Case Study

Effective Handling of Senior Member of Staff with Troubling Sickness Problem


Special Leave of Absence Refused, But Employee Still Took The Time Off Work

Most organisations will have some form of process for authorising other types of statutory and non sickness related leave for their employees. This will include time off for annual leave, flexible working, emergency leave, parental leave, religious reasons etc. But what happens when an employee decides they will take leave when it is not approved by the employer?

What was the HR situation?

  • The HR consultant assisted the headteacher in the interpretation and effective management of their special leave of absence policy, ensuring consistency and fairness.
  • The client had reminded all their staff at their induction and at the beginning of each school year about management arrangements for any leave of absence requests, including a briefing from the HR Consultant.
  • A member of the school admin team had requested ten days leave to attend a specialist conference during school time.
  • This request was refused by the headteacher in line with their discretion and, in accordance with policy and due process. The employee appealed the decision.
  • The appeals committee consider the request, the evidence/facts, the policy and sought advice from HR.
  • The appeal is not upheld, the request is refused, and decision is final.
  • The employee decides to attend the event. This was unauthorised leave.
  • The employee believes that they are entitled to take the leave.

What was the outcome and how did HR add value?

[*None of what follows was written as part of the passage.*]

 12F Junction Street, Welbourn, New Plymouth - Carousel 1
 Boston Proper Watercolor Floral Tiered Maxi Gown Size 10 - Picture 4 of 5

  • This appeared a fair reason for dismissal, as the allegations were sufficiently serious to be classified as gross misconduct, i.e. employee requested leave and this has been legitimately refused in line with due process, yet the individual took the time off anyway, knowing the potential consequences.
  • The offence could amount to insubordination (refusal to follow a reasonable management request and breaks trust/confidence between manager/employee) and breach of contract.
  • The employee was fully aware of the potential consequences of taking the unauthorised leave.
  • Governors had to consider the wider operational impact if an employee decided not to attend work in line with their contractual obligations and impact on the young people/colleagues.
  • The HR consultants helped the client to prepare for the formal process, ensured that governors considered the general principles of fairness, representation, confidentiality, natural justice, ethos, right to appeal, risks, equal opportunities, specifics of the individual case and policy framework. 
  • The HR consultant provided a briefing for the panel, so they were prepared, drafted the outcome letters and other documentation.